Friday, October 6, 2023

The Early Iron Age Revival of the State, XXVIII, With Lazy Public Engagement And Some Reference to the Fifties: Tin and the Resource Curse

 


This was the view east down Copper Street from the slight height of land that marks central downtown Greenwood, BC in 1906. The mountain slopes up to the right, but Copper Street takes a hard left turn just behind the photographer and descends to the terrace above the creek on which the road down to the Kettle River at Midway follows. 

Cross the street and move forward 117 years, and the view changes in two ways:


First, some of the older buildings are gone. Second, Copper Street has turned into Highway 3, because a major interprovincial highway has been run right through the downtown. You would probably see a crosswalk here somewhere if it weren't so easy to jaywalk across the highway. When I made the first of my annual bike trips through Greenwood to Gand Forks in 2017, I watched a family of deer do the same, but the city has picked up a bit in the interim. Oh, yeah, right, "city," because Greenwood's "biggest hockey stick in the world" claim to fame is that it is Canada's smallest city. 

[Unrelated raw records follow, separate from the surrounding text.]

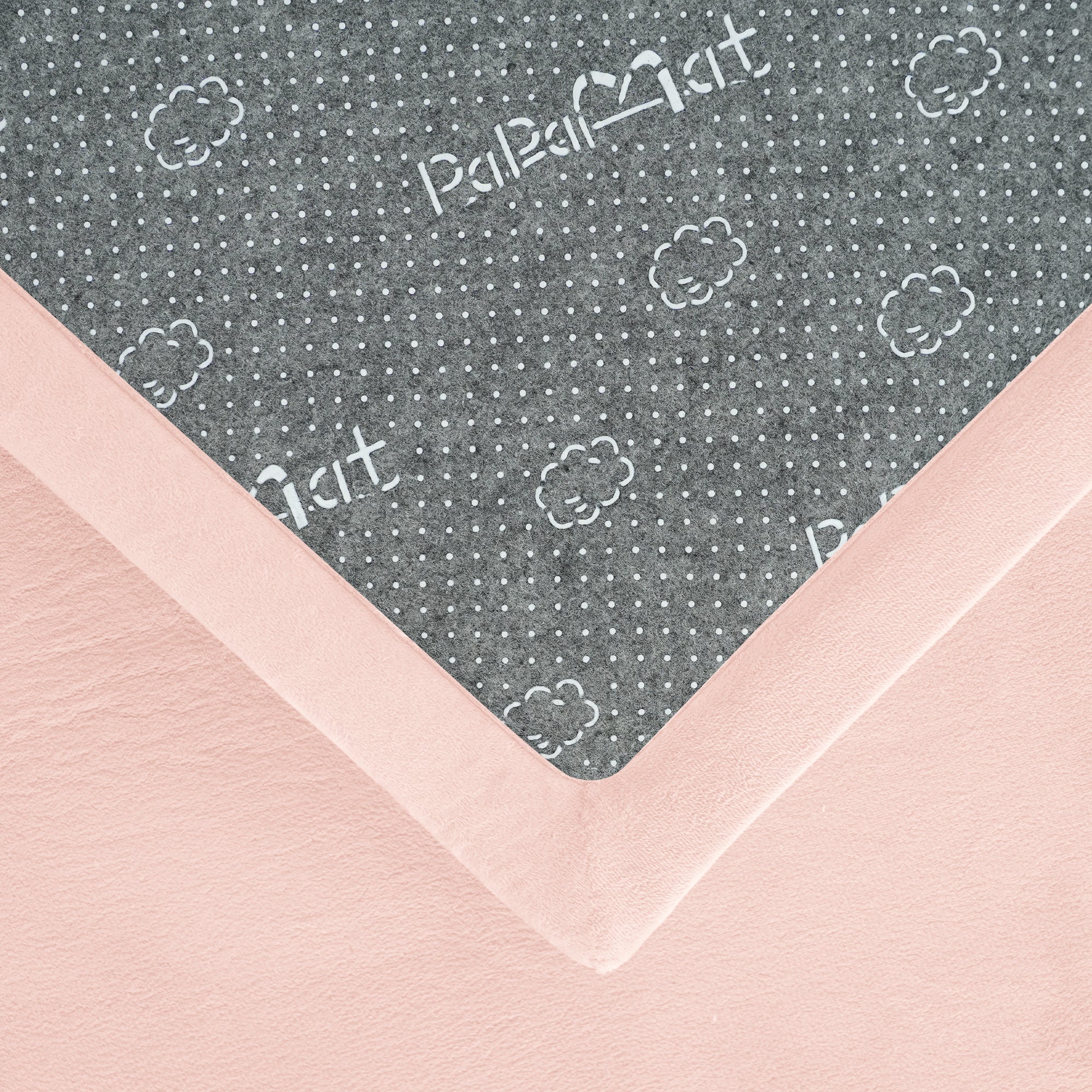 Plush Flannel Wide-edge Baby Play Mat 1.5" Thick – Non-Slip, Splash Resistant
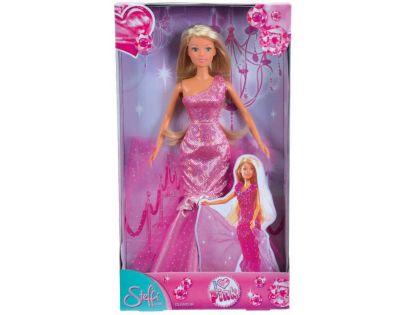 Steffi Love Girls Panenka I Love Pink - Světle růžová s jedním ramínkem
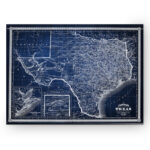 " Vintage Map Texas " - Image 2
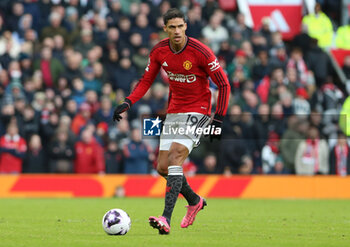 2024-02-24 - Manchester United Defender Raphael Varane during the English championship Premier League football match between Manchester United and Fulham on 24 February 2024 at Old Trafford in Manchester, England - FOOTBALL - ENGLISH CHAMP - MANCHESTER UNITED V FULHAM - ENGLISH PREMIER LEAGUE - SOCCER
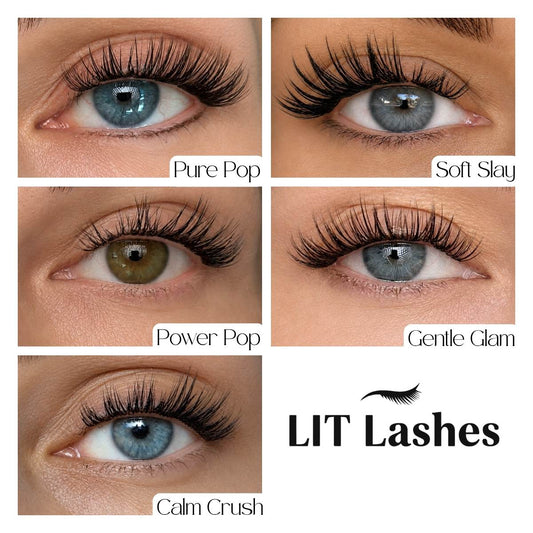 Soft Slay - Mixed Length Glued Lashes - LIT Lashes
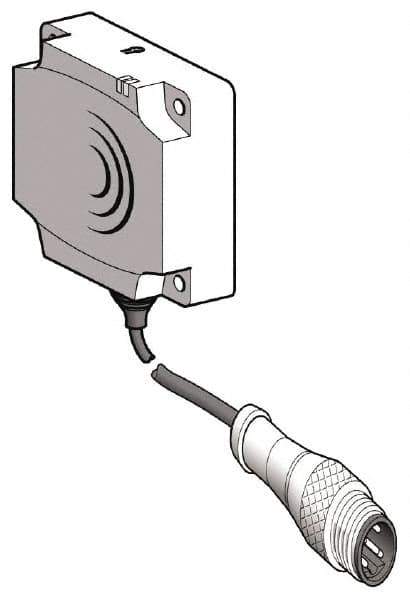 Telemecanique Sensors - PNP, NC, 15 to 25mm Detection, Flat, Inductive Proximity Sensor - 3 Wires, IP67, 12 to 24 VDC, 40mm Wide - All Tool & Supply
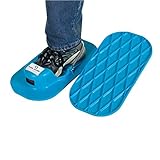 Karl Dahm Profi Fliesenschuhe/Estrichschuhe, Universalgröße, strapazierfähige Gleitschuhe mit geriffelter Sohle für Fliesenleger, Estricharbeiten, Epoxidharz-Böden & frischen Beton – 10670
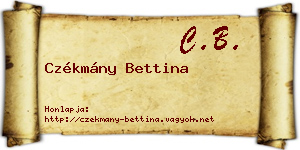 Czékmány Bettina névjegykártya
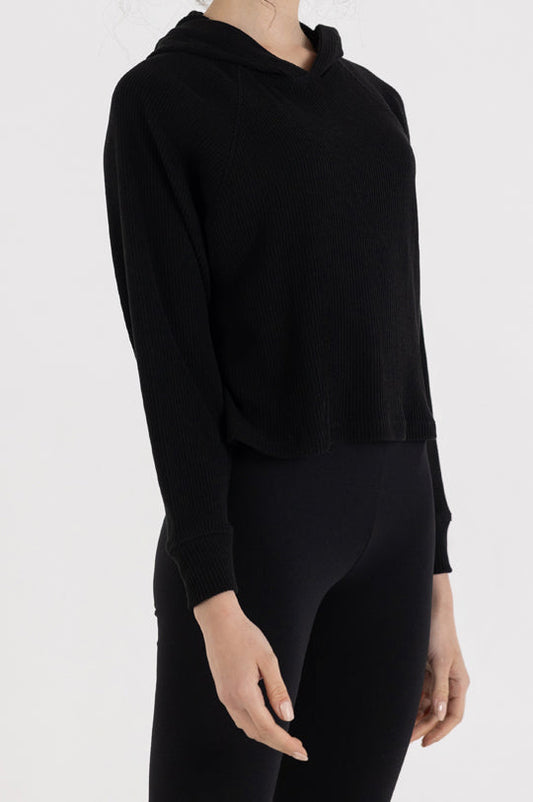 هودي راجلان بأكمام طويلة مع شعار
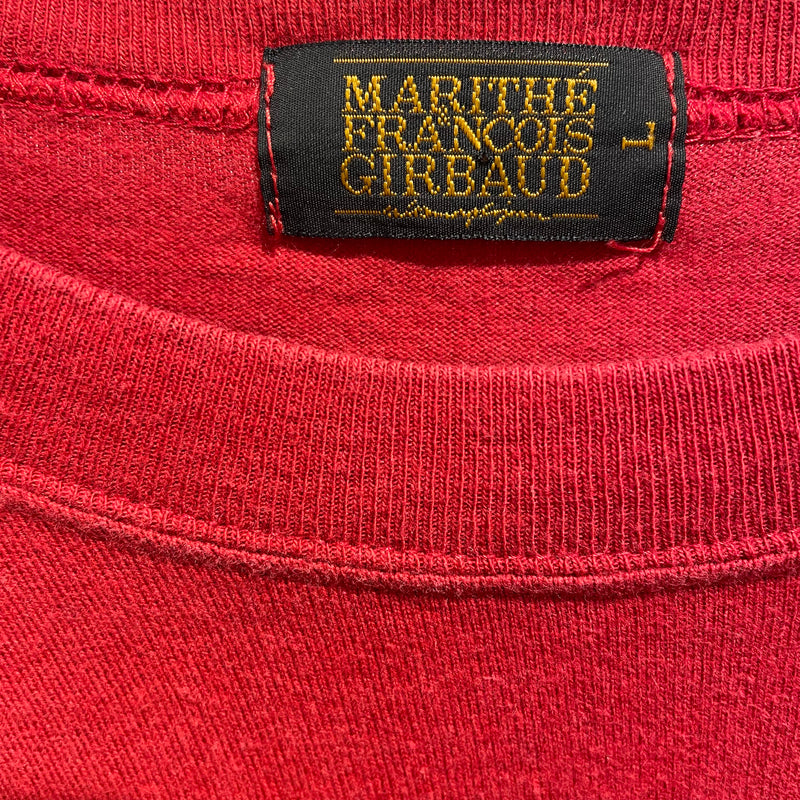 MARITHE FRANCOIS GIRBAUD/T-Shirt/L/Red/Cotton/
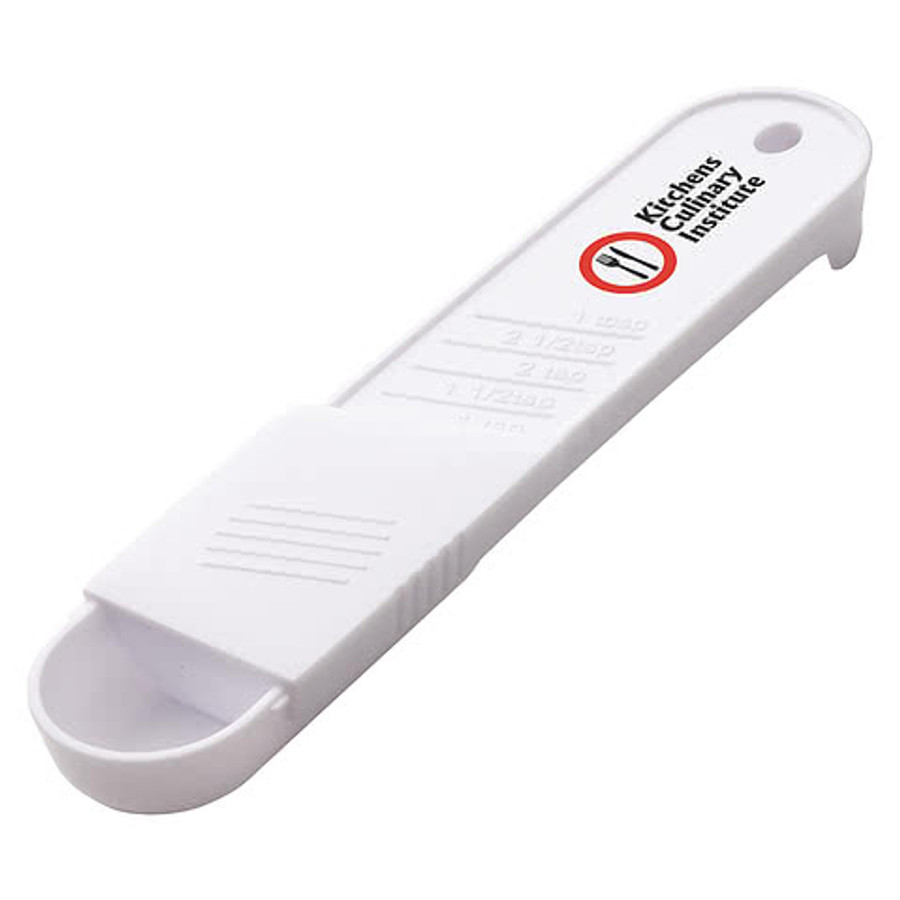 Slide-Adjust Measuring Spoon in White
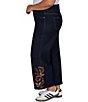 Ruby Rd. Plus Size Stretch Denim Embroidered Hem Pull-On Pants - Image 3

The reason for that is that, unlike most of the instant towns of the first copper boom, before WWI, it had a revival. In 1941, a calculating and humane mayor grabbed the one opportunity that the war had so far presented and offered the town as a resettlement location for the Japanese Canadians then being ethnically cleansed from the Coast, and in 1956 the combination of a local workforce and the postwar revival of the international commodities market proved just barely enough to justify reopening the smelter on nearby Phoenix mountain. The ore at Phoenix is, Wikipedia says, "self-fluxing," meaning that whatever fluxing agent is added to the ore at the Trail Smelter, isn't necessary at Phoenix. (The veins have numerous intrusions of "calc-silicate alteration of limestone;" Maybe that's it?) This tidbit led me to Google around for something a bit more serious about the nature of the ores in "the Greenwood camp," which is apparently the technical term for the 400 square kilometer zone of 25 mines centred about half the way up Highway 3 to Eholt summit. Apparently, way back when the entire region was under volcanic hot springs which have produced an estimated 32 million tons of ore including 38 tonnes of gold, 183 tonnes of (native) silver, 270,000 tonnes of copper, 966 tonnes of lead, and 329 tonnes of zinc. The ores are "copper-gold porphyry," which is great, because it's an excuse to say "porphyry." 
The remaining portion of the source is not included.